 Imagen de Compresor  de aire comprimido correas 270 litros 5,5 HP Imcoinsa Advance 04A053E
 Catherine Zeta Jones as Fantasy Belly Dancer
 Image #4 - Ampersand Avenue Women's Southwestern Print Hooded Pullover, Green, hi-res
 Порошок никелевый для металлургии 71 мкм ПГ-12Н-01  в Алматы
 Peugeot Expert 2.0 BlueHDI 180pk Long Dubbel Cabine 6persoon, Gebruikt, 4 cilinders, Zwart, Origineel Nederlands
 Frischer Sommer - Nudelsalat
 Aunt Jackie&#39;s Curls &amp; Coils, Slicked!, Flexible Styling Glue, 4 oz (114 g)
= = = = =
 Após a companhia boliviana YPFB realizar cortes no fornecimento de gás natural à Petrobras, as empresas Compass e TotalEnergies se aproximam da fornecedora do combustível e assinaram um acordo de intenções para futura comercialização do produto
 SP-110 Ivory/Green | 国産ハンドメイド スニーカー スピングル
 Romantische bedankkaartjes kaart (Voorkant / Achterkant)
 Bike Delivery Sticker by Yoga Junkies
= = = = =
● REQUIREMENT:
What lines hold the string "Green"? Pick them out of the data.

● TASK OUTPUT:
 Image #4 - Ampersand Avenue Women's Southwestern Print Hooded Pullover, Green, hi-res
 SP-110 Ivory/Green | 国産ハンドメイド スニーカー スピングル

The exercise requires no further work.